Algunos periódicos ensalzaban a Jules Favre y a Picard, que habían tenido suficiente osadía para hacerse pasar por los elementos más extremistas del gobierno; nadie se atrevió a llegar hasta Trochu, Jules Simon, Jules Ferry. El partido de vanguardia multiplicó las listas que explicaban su impotencia durante el sitio. La gente del 48, se negó a admitir a Blanqui; pero aceptó, con el fin de aparentar lo que no era, a varios miembros de la Internacional, y su abigarrada lista de neojacobinos y de socialistas tomó el nombre de los Cuatro Comités. Los clubs y los grupos obreros hicieron listas cerradas: en una de ellas figuraba el socialista alemán Liebknecht. La más definida vino de la Corderie.
La Internacional y la Cámara Federal de Sociedades Obreras, mudas durante el sitio, volvieron a alzar su programa: «Es necesario que figuren trabajadores entre las gentes del poder». Se entendieron con el comité de los veinte distritos, y los tres grupos publicaron un manifiesto común. «Esta es la lista –decía– de los candidatos presentados en nombre de un mundo nuevo por el partido de los desheredados. Francia va a reconstituirse nuevamente: los trabajadores tienen derecho a hallar y ocupar su puesto en el orden que se prepara. Las candidaturas socialistas revolucionarias significan denegación a quienquiera que sea, de poner a discusión la República; afirmación de la necesidad del advenimiento político de los trabajadores; caída de la oligarquía gubernamental y del feudalismo industrial». Aparte de algunos nombres familiares al público, como Blanqui, Gambon, Garibaldi, Félix Pyat, Ranvier, Tridon, Malon, Lefrançais, Vallès, Tolain, los candidatos socialistas no eran conocidos fuera de los medios populares: empleados, mecánicos, zapateros, obreros siderúrgicos, sastres, carpinteros, cocineros, ebanistas, cinceladores. Los pasquines fueron escasos. Disponían de muy pocos periódicos para hacer competencia a las trompetas burguesas. Ya les llegará el momento dentro de unas semanas, cuando se elijan los dos tercios de la Comuna. Hoy solo los aceptados por los periódicos burgueses obtendrán un acta. En total, cinco –Garibaldi, Garnbon, Félix Pyat, Tolain y Malon.

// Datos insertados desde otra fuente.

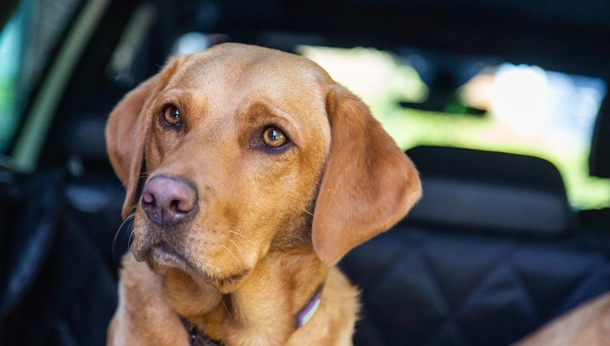 hond in auto zomer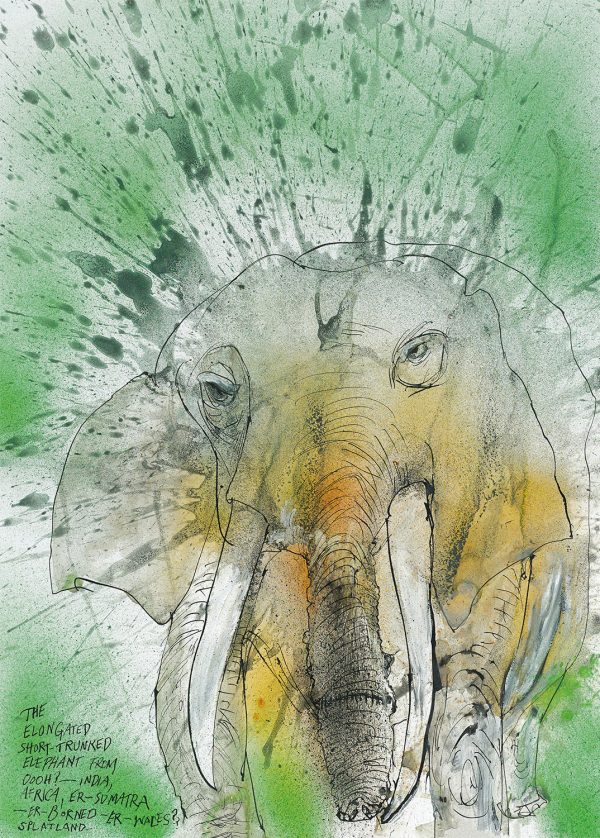 African-Asian Elephant Hot on Sale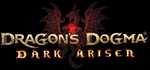 Dragon's Dogma Dark Arisen sur PC (Dématérialisé - Steam)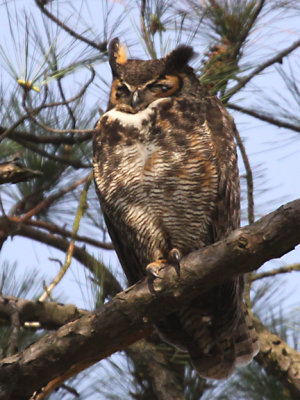 Great Horned Owl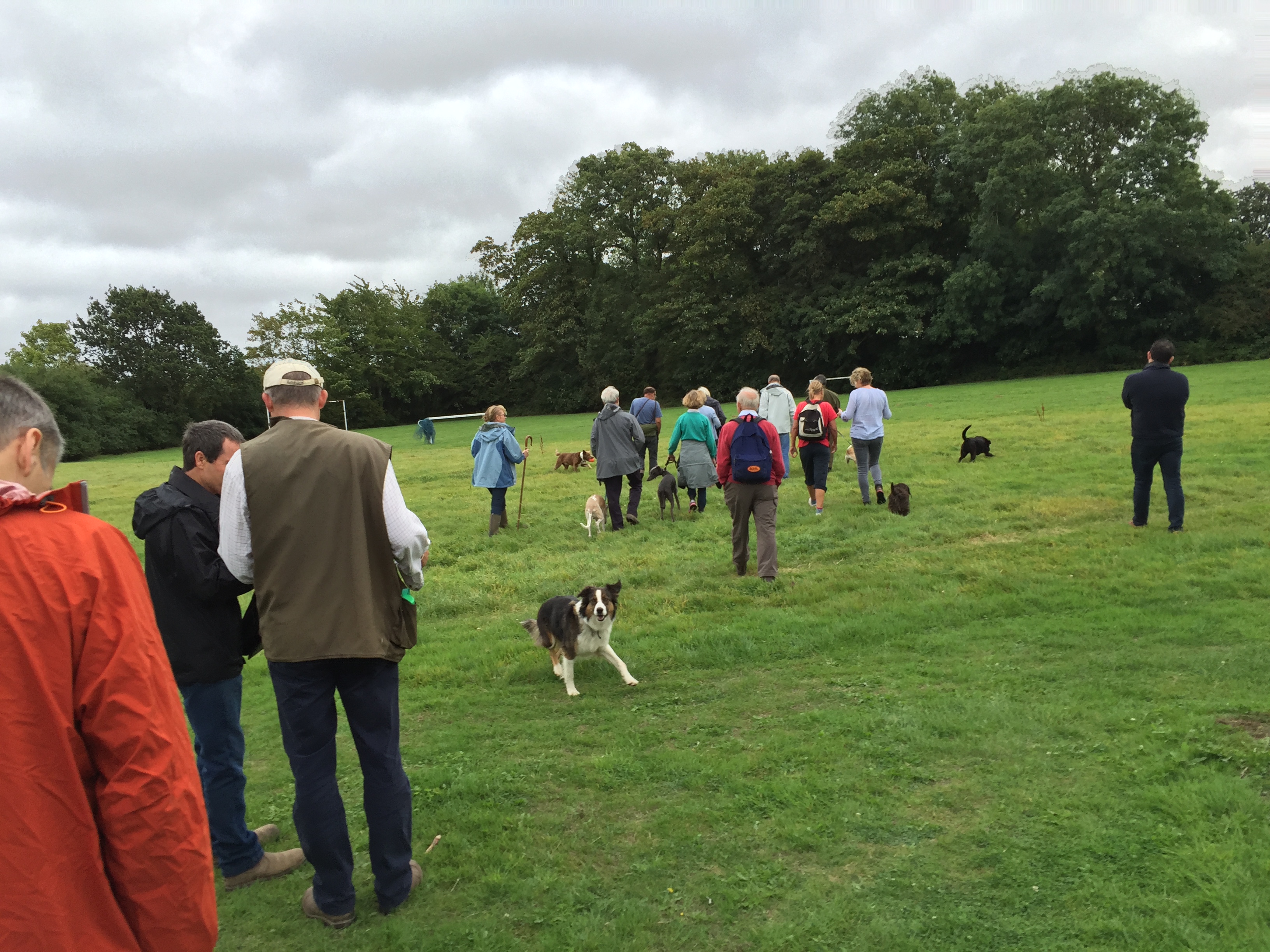 like all good walks there were more of us if you count the dogs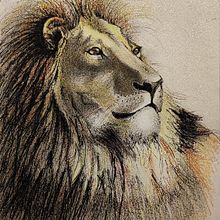 Il mio progetto del corso: Tecniche sperimentali di acquerello per principianti. Traditional illustration, Fine Arts, Watercolor Painting, and Naturalistic Illustration project by Claudia Foroni - 04.25.2024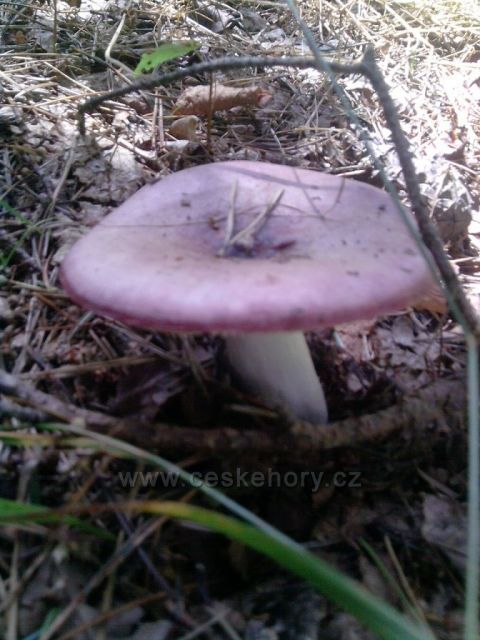 srpnové houby z Cvilína nad Krnovem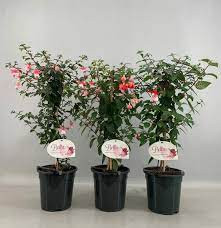 Fuchsia Ov 25/45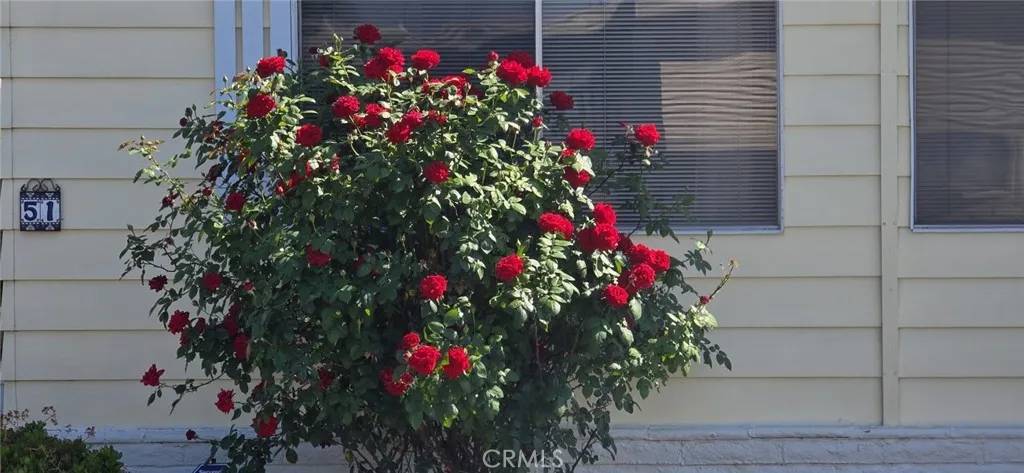 Additional image 4 of 575 S Lyon Avenue Unit 51, Hemet, CA 92545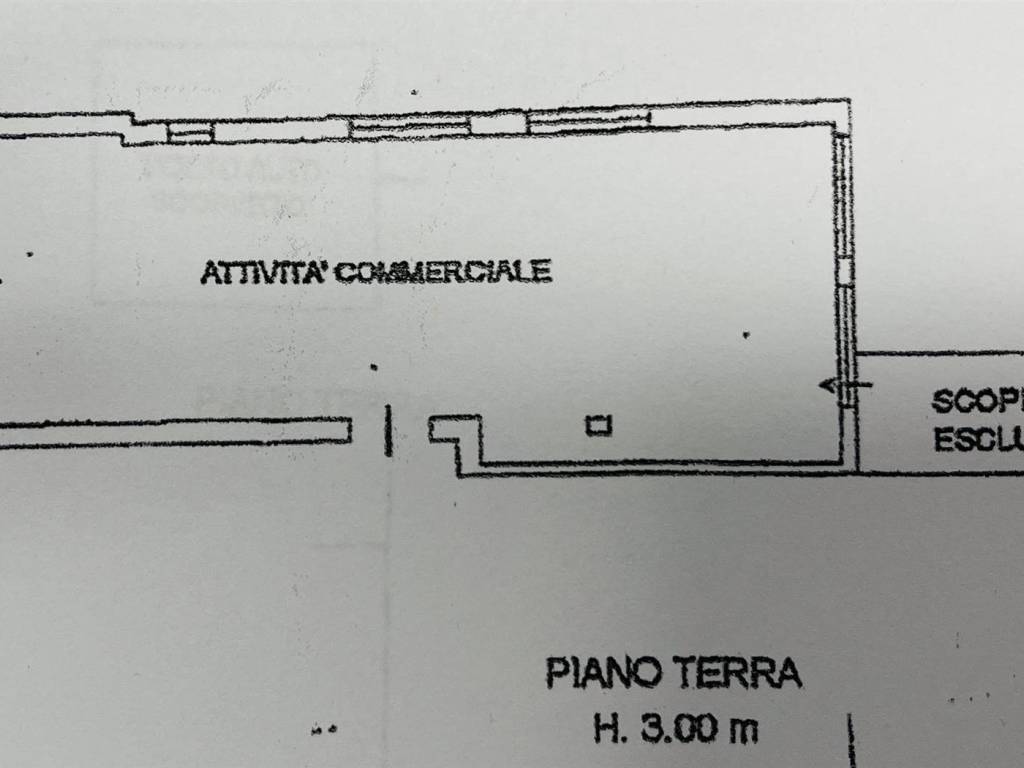 negozio in affitto a Chioggia in zona Sottomarina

La lista que salió el 8 de febrero fue un arlequín de todos los matices republicanos y de todas las fantasías. Louis Blanc, que había sido una buena comadre durante el sitio, y a quien presentaban todos los comités, salvo la Corderie, abrió la marcha con 216.000 votos, seguido de Victor Hugo, Gambetta y Garibaldi. Delescluze, al que hubiera sido preciso aliarse antes, reunió 154.000 sufragios. Luego contaban con un baratillo de jacobinos, radicales, oficiales; alcaldes, periodistas, excéntricos. Uno de ellos fue elegido por haber inventado una cañonera; otro, por místico. Un solo miembro del gobierno se escurrió entre ellos, Jures Favre, al que Millière acababa de denunciar, con pruebas auténticas en la mano, de falsificación, de bigamia, de suplantación de estado. Millière, es cierto, fue elegido. Por una cruel injusticia, el vigilante centinela que durante todo el sitio había demostrado tan gran sagacidad, Blanqui, no obtuvo más que 52.000 votos –aproximadamente los de los opositores del plebiscito– mientras que Félix Pyat sacó 145.000 por sus cantinelas de Le Combat.